Curious Omission In New-Style Formats

Mon Jul 11 23:38:28 EDT 2016

On Tue, 12 Jul 2016 04:38 am, Ian Kelly wrote:

> In what way do the leading zeroes in "00123" add to the precision of
> the number? 00123 is the same quantity as 123 and represents no more
> precise a measurement. 

You guys... next you're going to tell me that 1.23 and 1.2300 are the same
quantity and represent no more precise a measurement :-) And keep adding
zeroes 1.230000000... and claim infinite precision.

That's not now "precision" works. Its true that *mathematically* leading
zeroes don't change the number, but neither do trailing zeroes.
Nevertheless, we *interpret* them as having meaning, as indicators of the
precision of measurement in the mathematical sense.

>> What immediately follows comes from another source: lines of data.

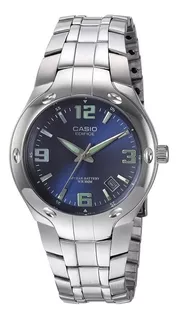 Reloj de pulsera Casio Edifice EF-106 de cuerpo color plata, analógico, para hombre, fondo azul, con correa de acero inoxidable color plata, agujas color plata y verde, dial verde y plata, minutero/se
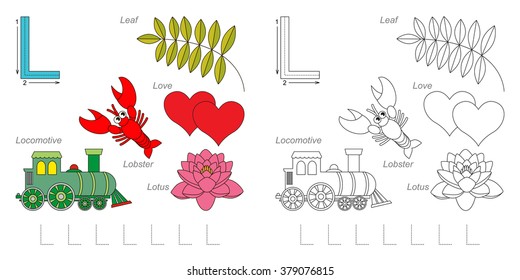 Tracing Worksheet for children. Full english alphabet from A to Z, pictures for letter L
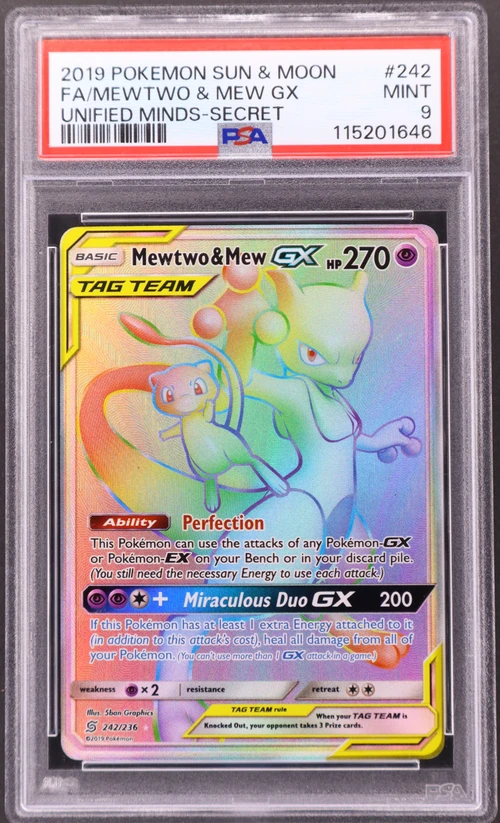 2019 Pokemon Sun & Moon Unified Minds #242 Full Art / Mewtwo & Mew Gx Secret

In a moment, I'm going to attempt to justify a reasonable meaning for
leading zeroes. But that's actually not relevant. printf (and Python's %
string operator) interprets the precision field in the mathematical sense
for floats, but that's not the only sense possible. The word "precise" has
a number of meanings, including:

- exactness
- accurate
- strict conformity to a rule
- politeness and nicety
- the quality of being reproducible

For integers, printf and % interpret the so-called "precision" field of the
format string not as a measurement precision (number of decimal places),
but as the number of digits to use (which is different from the total field
width). For example:

py> "%10.8x" % 123
'  0000007b'

How anyone can possibly claim this makes no sense is beyond me! Is the
difference between "number of digits" and "number of decimal places" really
so hard to grok? I think not.

And it's clearly useful: with integers, particular if they represent
fixed-size byte quantities, it is very common to use leading zeroes. To a
programmer the hex values 7b, 007b and 0000007b have very different
meanings: the first is a byte, the second may be a short int, and the third
may be a long int.

Why shouldn't we use the "precision" field for this? It doesn't mean what
scientists mean by precision, but so what? That's not important. Scientists
don't usually have to worry about leading zeroes, but programmers do, and
its useful to distinguish between the *total* width (padded with spaces)
and the *number* width (padded with zeroes).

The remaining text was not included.